For those in other industries, filing for bankruptcy is always an option. The problem, as we have discussed before, is that bankruptcy is administered exclusively by federal courts that have so far barred marijuana businesses from participating.
So, how should a marijuana business handle winding down? A first option is to liquidate without any type of court supervision. This can actually be beneficial, as there are certain benefits to maintaining control during an asset distribution in liquidation. Business owners are generally able to fetch higher prices for assets than bankruptcy trustees are. Also, and more importantly, it is nice to be able to choose which creditors get paid. If you personally guaranteed lease payments, for example, you would likely want to pay those before paying off other unsecured debts that you did not personally guarantee. Similarly, state sales tax is a trust tax that comes with automatic personal guarantees and so it would be good to make sure those payments are given full priority.
Going it alone can lead to problems though. Secured creditors will be reasonably worried that their secured assets will be sold without them receiving a payment, and unsecured creditors will worry about being left out entirely. These creditors may move to have a state-court receiver appointed.
State court receivers act much like bankruptcy trustees. They manage a business through liquidation, and they are granted rights to dispose of property to further the needs of the court. Courts will generally appoint receivers only when a party has shown that the appointment is reasonably necessary and that other available remedies are not available or are inadequate. Receivership can be a good thing when there are many creditors all pounding on the door at once, as appointment often comes with an all-powerful automatic stay similar to that of bankruptcy. All actions by creditors against the company are stayed while the receiver gathers information and makes a reasonable plan for disposing of the assets, and creditors with claims are forced to deal with the receiver as opposed to harassing the failing business.
Licensing can be an issue in the receivership context, but luckily state marijuana laws in regulated business jurisdictions generally give receivers some right to distribute property, including regulated marijuana. Washington, for instance, allows receivers and executors of estates to take over a business in case of insolvency or death.

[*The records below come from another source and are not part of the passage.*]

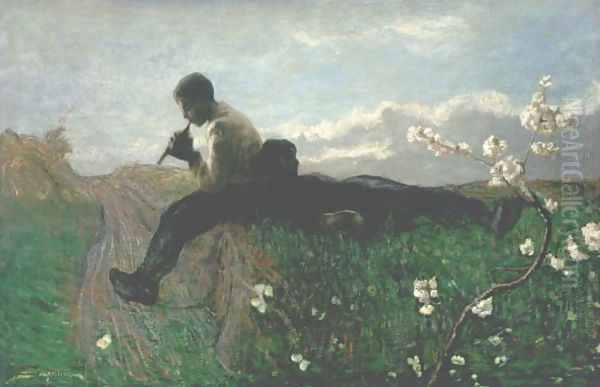 An Idyll Oil Painting by Giovanni Segantini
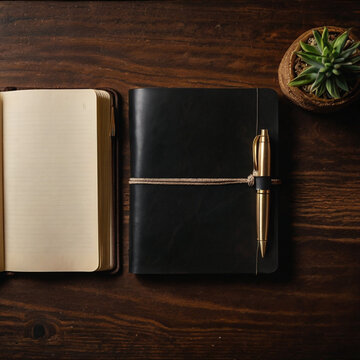 Open and closed journals with pen and succulent on wooden table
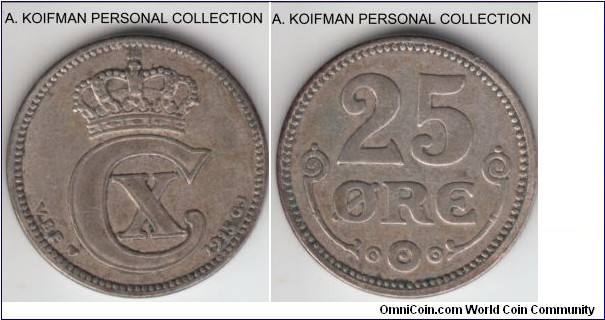 KM-815.1, 1915 Denmark 25 ore; silver, plain edge; very fine or so, toned.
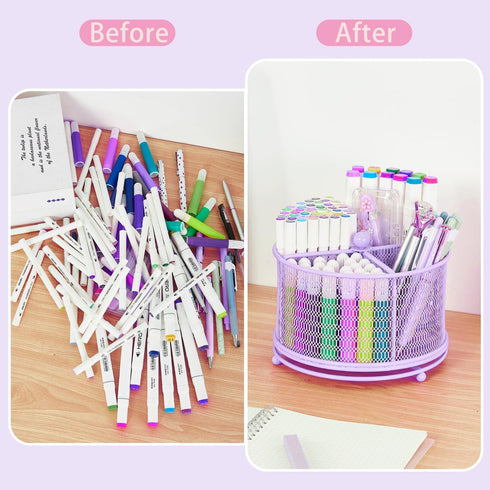 360-Degree Rotating Pencil Holder, Art Supply Storage Desk Organizers and Accessories, Pen Holder for Desk, Marker Organizer for School Office Sup...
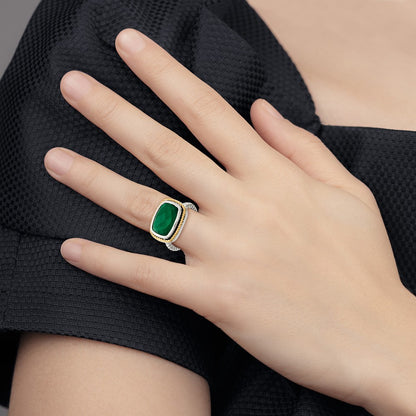 14K/Silver Two Tone Sterling Silver 14K Green Onyx Ring (Size 7 Only)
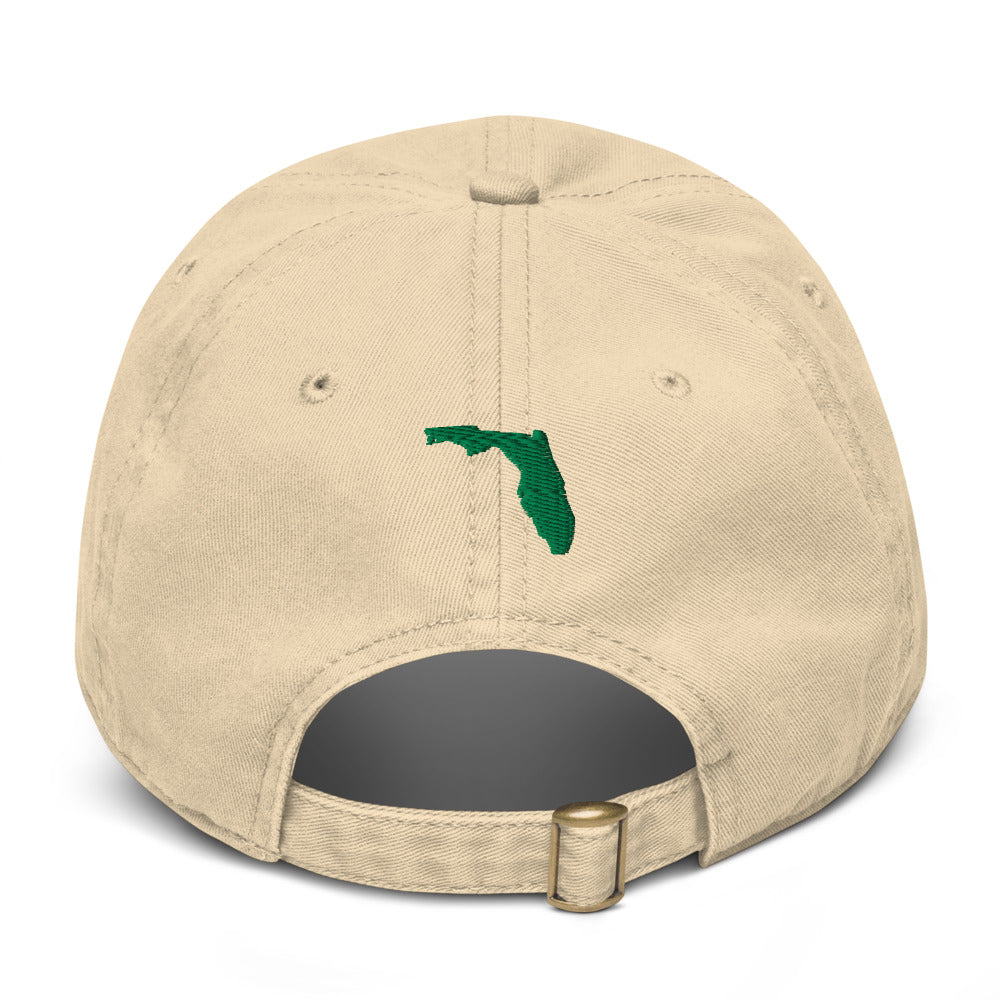 Back view of the Sunline Gator Sun Washed Cap in Khaki: Florida outline embroidered above the strap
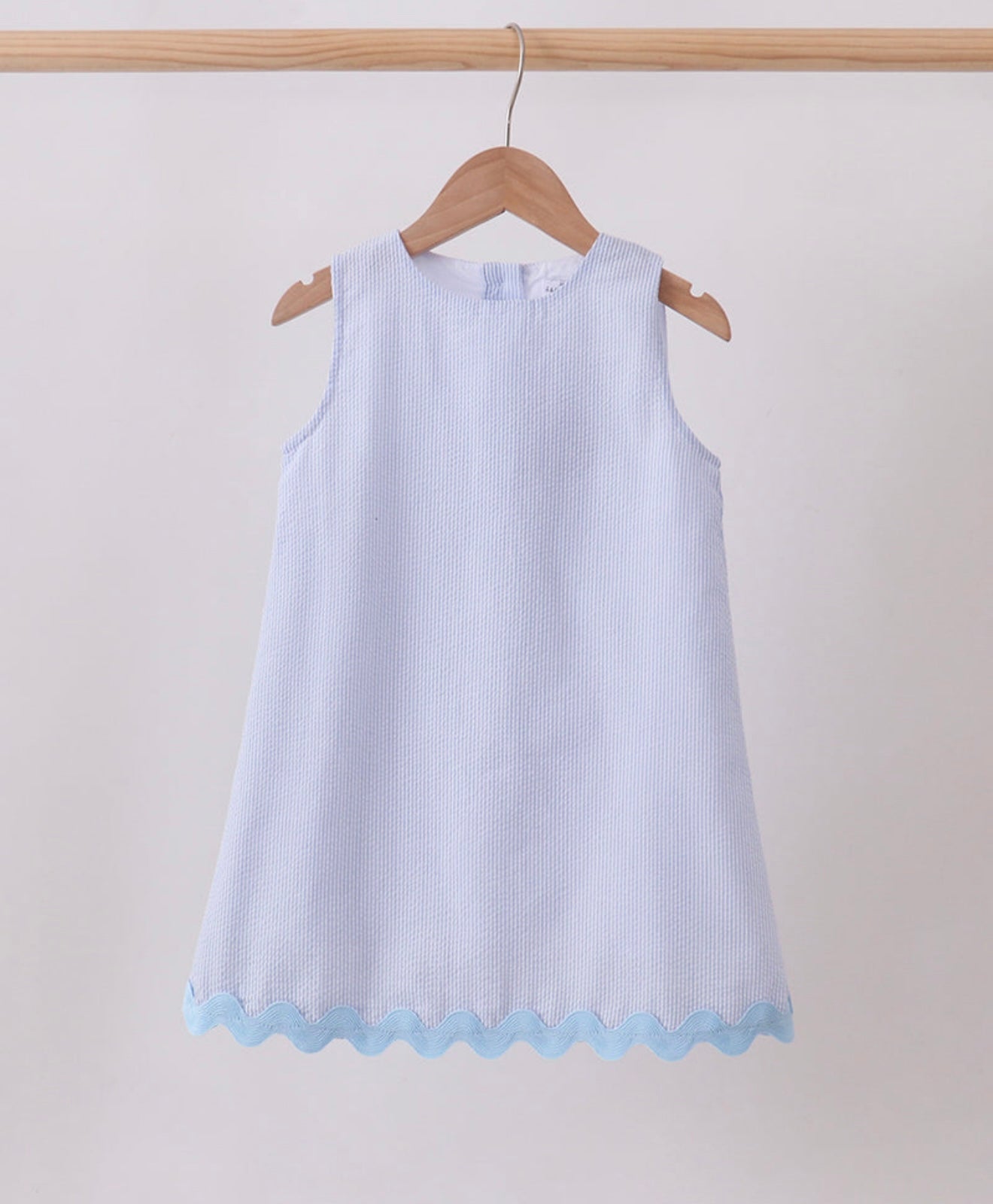 Blue Seersucker Stripe Scalloped Dress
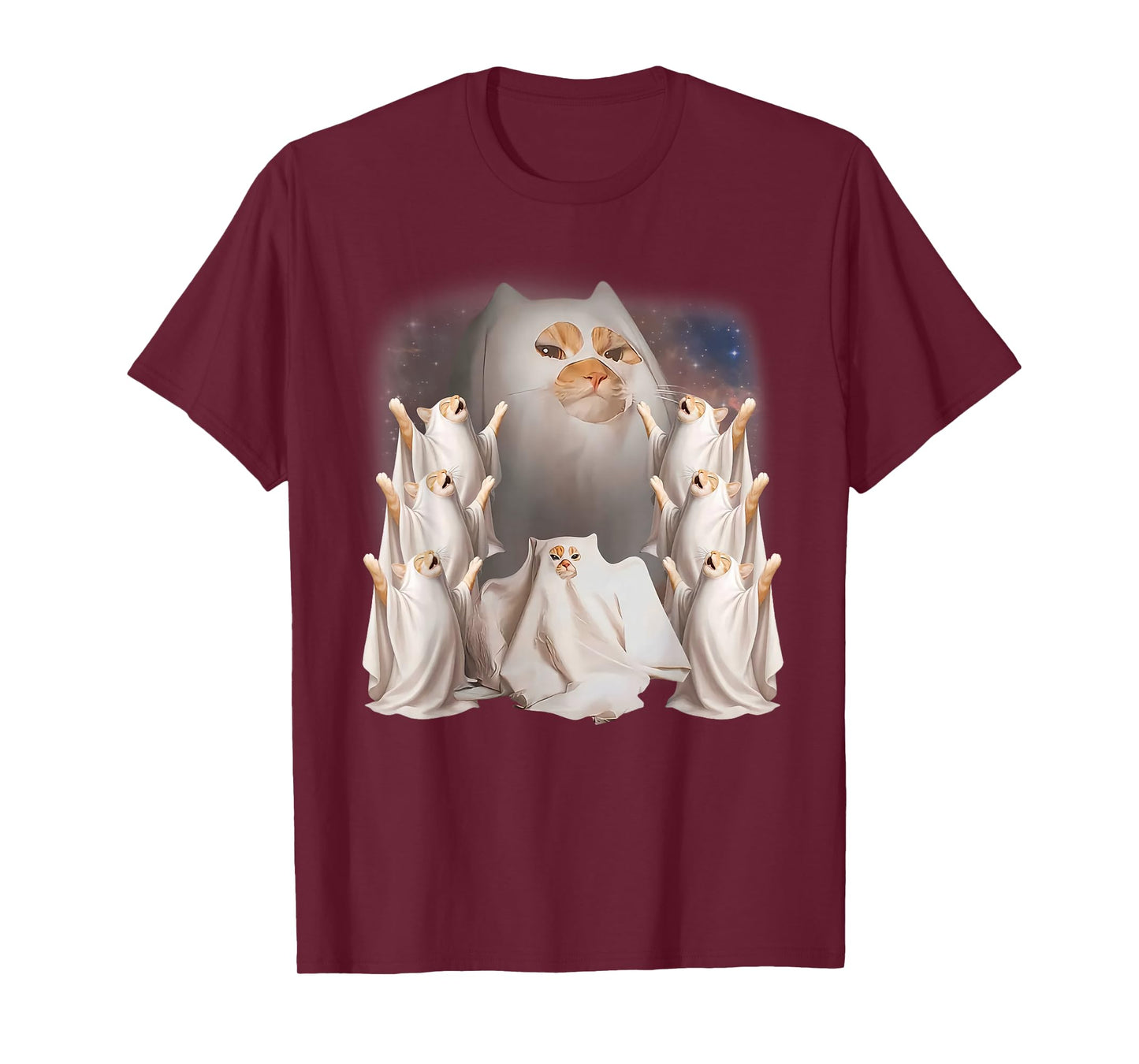 Vintage Ghost Cat Meme Funny Halloween Men Women Kids T-Shirt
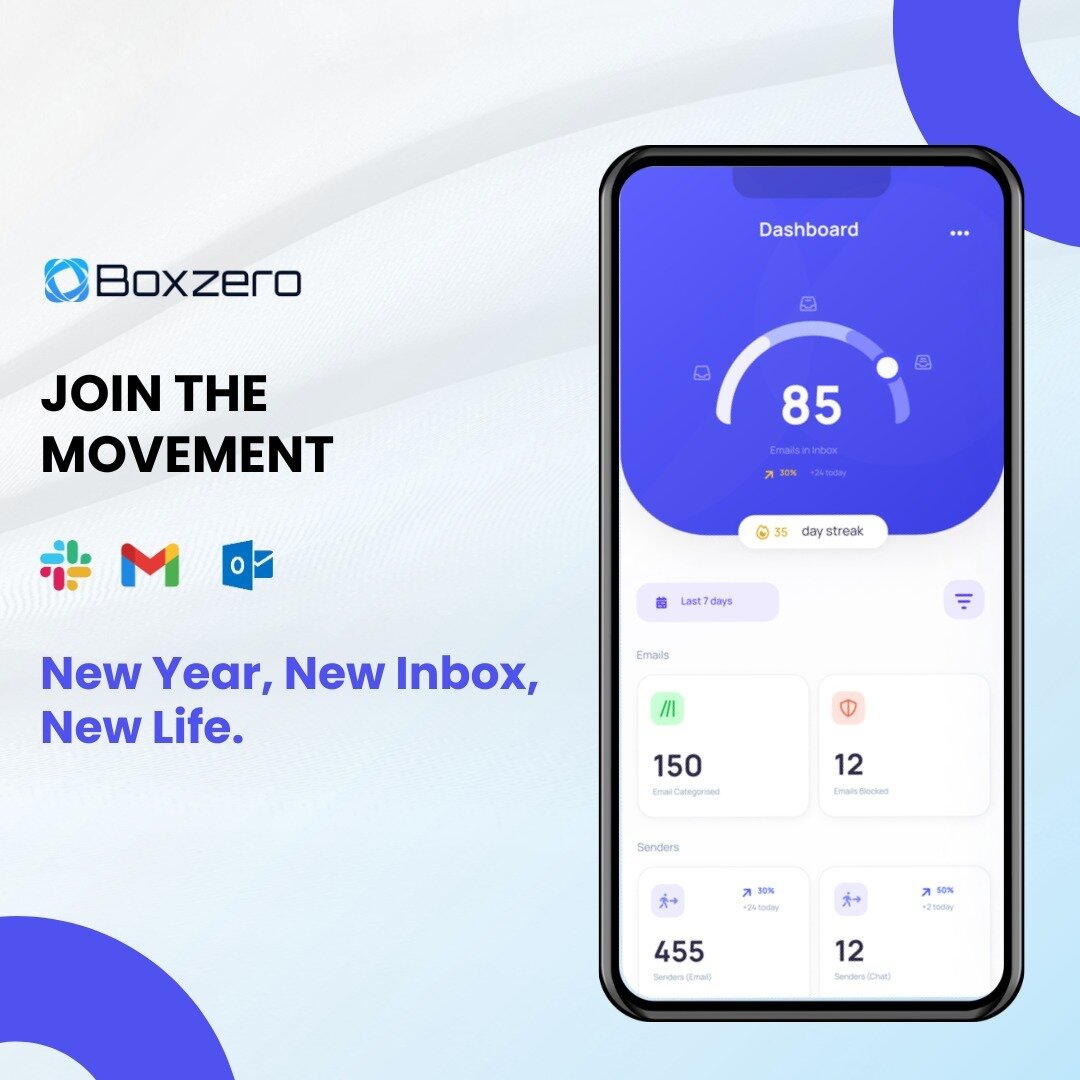 Ready to break free from inbox chaos in the New Year? 🚀✉️ Join the movement and embrace Inbox Freedom with Boxzero! 🌐🔗 

Unleash the power of organized simplicity, reclaim your time, and transform your digital life. It's not just a tool; it's a re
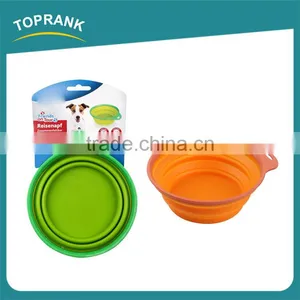 Pet Food Bowls Portable Travel Feeding Collapsible Silicone Pet Bowl thumbnail-1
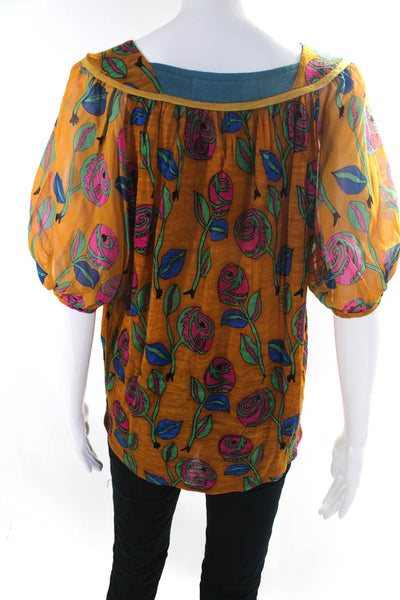 Tsumori Chisato Womens Square Neck Puff Sleeve Floral Top Blouse Tan Wool Size 2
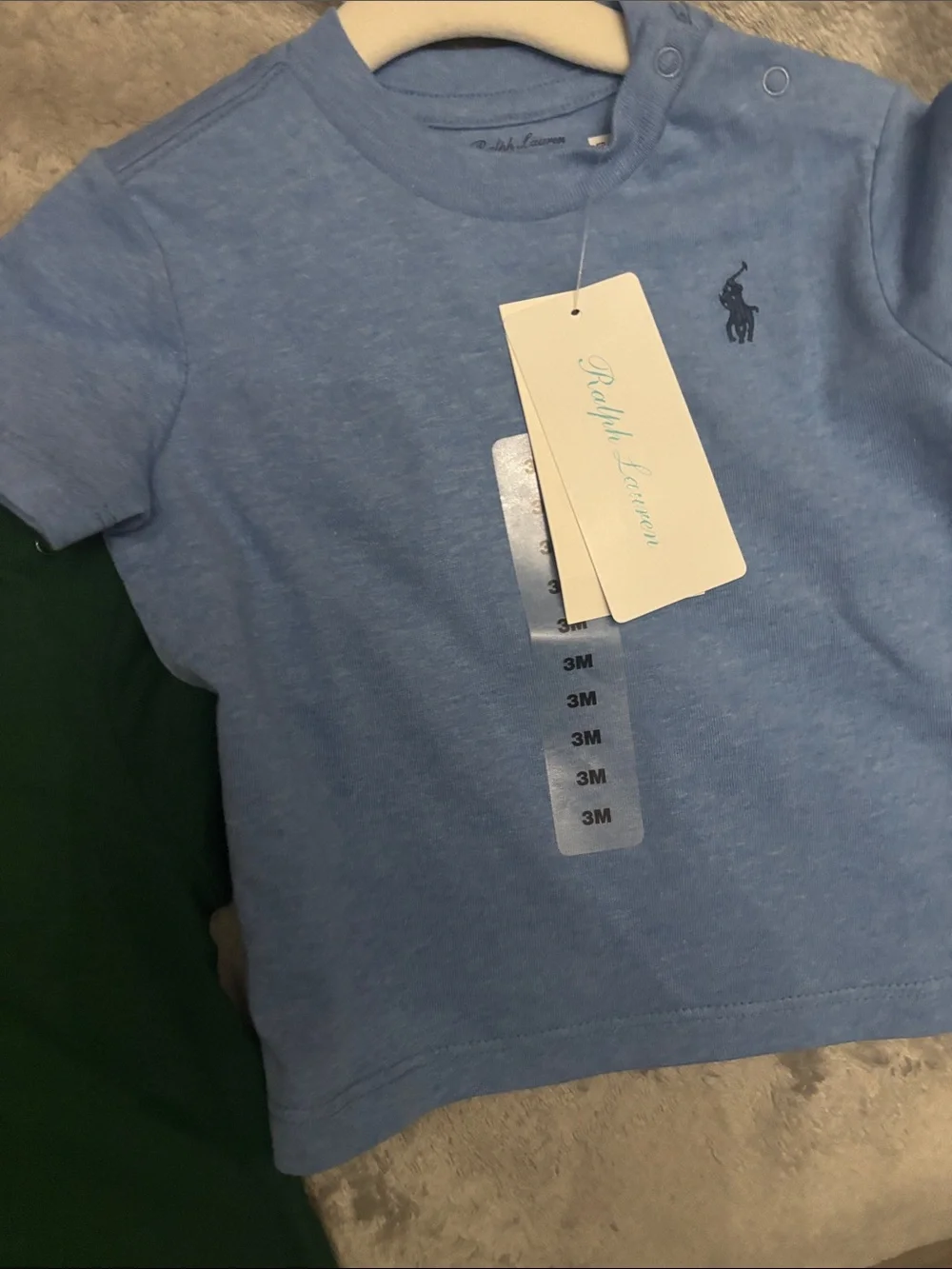 Ralph Lauren Olive Green Tee with Orange Pony Embroidery 3 pack bundle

So though it is not great when your marijuana business fails, it is important for you to see the process through. As long as there are debts in place, marijuana business owners need to understand that if they do not distribute assets properly, they may be subjecting themselves to individual liability or asset clawbacks or various other problems. If you can formulate a plan that works with your state laws, you are making the first step towards making your winding down process as painless as possible.